» **ABOUT THIS TASK**
Which lines run from the line with "Identifying Venomous Snakes" through the line with "Сова на рассвете." in the entries below? Print them exactly, both ends included, and nothing more.

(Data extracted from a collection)
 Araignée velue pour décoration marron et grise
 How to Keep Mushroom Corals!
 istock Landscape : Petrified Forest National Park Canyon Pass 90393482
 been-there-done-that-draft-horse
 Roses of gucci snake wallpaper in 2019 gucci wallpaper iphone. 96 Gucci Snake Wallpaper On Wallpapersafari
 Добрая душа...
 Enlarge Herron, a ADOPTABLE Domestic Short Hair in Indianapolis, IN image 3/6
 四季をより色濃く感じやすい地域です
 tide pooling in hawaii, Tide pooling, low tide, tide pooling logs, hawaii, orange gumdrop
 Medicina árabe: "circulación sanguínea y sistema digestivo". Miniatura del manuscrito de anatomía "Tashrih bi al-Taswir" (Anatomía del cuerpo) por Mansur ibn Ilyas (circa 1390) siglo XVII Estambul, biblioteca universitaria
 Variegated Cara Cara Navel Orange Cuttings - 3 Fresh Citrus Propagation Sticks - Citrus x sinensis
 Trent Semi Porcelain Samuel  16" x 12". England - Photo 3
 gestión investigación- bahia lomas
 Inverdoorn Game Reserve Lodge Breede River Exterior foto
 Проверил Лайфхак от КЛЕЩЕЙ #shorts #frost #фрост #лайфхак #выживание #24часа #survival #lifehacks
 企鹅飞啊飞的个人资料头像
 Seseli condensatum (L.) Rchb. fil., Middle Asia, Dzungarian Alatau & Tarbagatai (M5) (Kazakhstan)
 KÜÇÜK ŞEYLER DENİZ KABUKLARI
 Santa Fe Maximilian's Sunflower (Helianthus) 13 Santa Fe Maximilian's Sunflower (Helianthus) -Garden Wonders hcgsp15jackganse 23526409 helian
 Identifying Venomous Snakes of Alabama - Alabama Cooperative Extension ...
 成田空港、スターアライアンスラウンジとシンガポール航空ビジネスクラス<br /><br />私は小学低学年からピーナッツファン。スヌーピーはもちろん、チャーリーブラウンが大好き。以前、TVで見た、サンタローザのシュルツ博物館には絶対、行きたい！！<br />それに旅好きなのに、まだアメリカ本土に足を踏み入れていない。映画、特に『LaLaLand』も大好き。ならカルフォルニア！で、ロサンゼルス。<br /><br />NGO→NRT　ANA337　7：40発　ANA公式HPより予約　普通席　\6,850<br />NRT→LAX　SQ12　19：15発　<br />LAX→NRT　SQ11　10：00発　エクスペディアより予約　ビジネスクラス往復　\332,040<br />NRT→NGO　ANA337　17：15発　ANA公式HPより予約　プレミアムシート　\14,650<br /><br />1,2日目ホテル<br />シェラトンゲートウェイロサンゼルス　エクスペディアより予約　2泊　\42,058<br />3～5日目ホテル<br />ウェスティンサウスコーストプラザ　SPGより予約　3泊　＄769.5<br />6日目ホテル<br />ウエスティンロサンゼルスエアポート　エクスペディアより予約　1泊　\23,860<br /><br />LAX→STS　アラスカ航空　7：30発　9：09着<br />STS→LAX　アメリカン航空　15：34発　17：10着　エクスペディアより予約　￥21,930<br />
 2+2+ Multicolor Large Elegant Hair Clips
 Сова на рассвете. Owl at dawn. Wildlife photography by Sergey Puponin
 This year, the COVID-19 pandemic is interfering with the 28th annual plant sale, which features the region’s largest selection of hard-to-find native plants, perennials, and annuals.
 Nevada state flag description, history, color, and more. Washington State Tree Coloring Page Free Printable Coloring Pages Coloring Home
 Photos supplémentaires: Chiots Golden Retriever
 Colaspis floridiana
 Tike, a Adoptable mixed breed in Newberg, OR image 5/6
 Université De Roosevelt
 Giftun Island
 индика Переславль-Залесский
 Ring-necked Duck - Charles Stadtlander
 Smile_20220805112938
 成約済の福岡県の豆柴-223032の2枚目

» **WRITTEN RESPONSE**
 Identifying Venomous Snakes of Alabama - Alabama Cooperative Extension ...
 成田空港、スターアライアンスラウンジとシンガポール航空ビジネスクラス<br /><br />私は小学低学年からピーナッツファン。スヌーピーはもちろん、チャーリーブラウンが大好き。以前、TVで見た、サンタローザのシュルツ博物館には絶対、行きたい！！<br />それに旅好きなのに、まだアメリカ本土に足を踏み入れていない。映画、特に『LaLaLand』も大好き。ならカルフォルニア！で、ロサンゼルス。<br /><br />NGO→NRT　ANA337　7：40発　ANA公式HPより予約　普通席　\6,850<br />NRT→LAX　SQ12　19：15発　<br />LAX→NRT　SQ11　10：00発　エクスペディアより予約　ビジネスクラス往復　\332,040<br />NRT→NGO　ANA337　17：15発　ANA公式HPより予約　プレミアムシート　\14,650<br /><br />1,2日目ホテル<br />シェラトンゲートウェイロサンゼルス　エクスペディアより予約　2泊　\42,058<br />3～5日目ホテル<br />ウェスティンサウスコーストプラザ　SPGより予約　3泊　＄769.5<br />6日目ホテル<br />ウエスティンロサンゼルスエアポート　エクスペディアより予約　1泊　\23,860<br /><br />LAX→STS　アラスカ航空　7：30発　9：09着<br />STS→LAX　アメリカン航空　15：34発　17：10着　エクスペディアより予約　￥21,930<br />
 2+2+ Multicolor Large Elegant Hair Clips
 Сова на рассвете. Owl at dawn. Wildlife photography by Sergey Puponin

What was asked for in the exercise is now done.